Let's see if I can sort this out:
When rolling two six sided dice you have to roll 18 times to
have a 50% chance to get a twelve. (right?)
No. The probability of rolling a 12 is 1/36, which means the probability of not rolling a 12 is 35/36. The probability of not rolling a 12 in n trials is (35/36)^n, so the probability of rolling at least one 12 in n trials is 1-(35/36)^n. To get this above 50%, we need at least 25 rolls.
Now assume the year has six days then there is a total of 21
( (5*6/2)+6 ) ways to combine two days since the combination 1 and 2 is the same as 2 and 1.
Yes, this is the same as saying the number of ways to choose 2 days out of 6 where order does no matter is to calculate 6c2 (6 choose 2) and add 6 more combinations to cover all matched pairs (11, 22, etc...). However, it's not relevant to the question.
Out of these 21 combinations six are the same day twice (11 22 33 44 55 66) this means you would need to pick 21/6=3,5 to have a 50% chance to get at least one?
The probability of picking one pair out of 21 combinations is 6/21, the probability of not picking a pair is 15/21, so the probability of picking at least one pair in n trials is 1-(15/21)^n. To get this above 50% we need n to be at least 3.
Back to orignal numbers:
If the dice has 366 sides. You would have to roll them 66978 times to have 50% chance of getting 732. (right?)
No. 732 is the maximum roll with two 366-sided dice. The probability of rolling a 732 is 1/366^2, the probability of not rolling a 732 is 1-1/366^2, and the probability of rolling at least one 732 in n trials is 1-(1-1/366^2)^n. To get this above 50%, we need n to be at least 92851.
There are 366 results with the same day twice out of 67161 ((366*365)/2 +366) you need then 67161 /366 =183,5 to get 50%
and now magicaly I'm back at (19*20)/2=190
First, using the same procedure as above, the number of trials required to bring the probability of picking at least one of the 366 pairs out of 67161 possibilities to above 50% is 127. But I think I'm seeing the problem with your reasoning more clearly now.
That is 20 people to get 50%.
And As I have said I KNOW this is wrong.

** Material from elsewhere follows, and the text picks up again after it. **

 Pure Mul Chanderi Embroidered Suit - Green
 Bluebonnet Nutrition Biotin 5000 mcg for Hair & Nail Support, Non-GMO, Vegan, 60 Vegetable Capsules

But why?
Please I'm going Mad And since I'm only examining pairs of dates 3 or more matching dates is not an issue.
You are trying to find the probability of picking two random people and seeing if they have the same birthday, then doing that again and again until you find them, just like rolling dice. That is not the question we are trying to answer. We are trying to find the probability that any two people will have the have birthday, and we compare all birthday dates simultaneously (that is, no specific pair is required to have the same birthday, any pair or more will do). This is another application of the Pigeon Hole principle. Imagine a calendar; as people mark their birthdays on the calendar, there are fewer spots available for the next person to plot a clean day because more and more spots are taken. This makes it more and more likely that two people will have the same birthday as the number of people increases, until you get to 367 people at which point it is guaranteed
that two people's birthdays will coincide.
I believe you estimation technique of dividing the number of possibilities by the number of desired outcomes to find the number of trials required for 50% success was misleading you, as it's just plain wrong but it's resoponsible for giving you numbers closer to the real answer then you would otherwise have.
Does that help?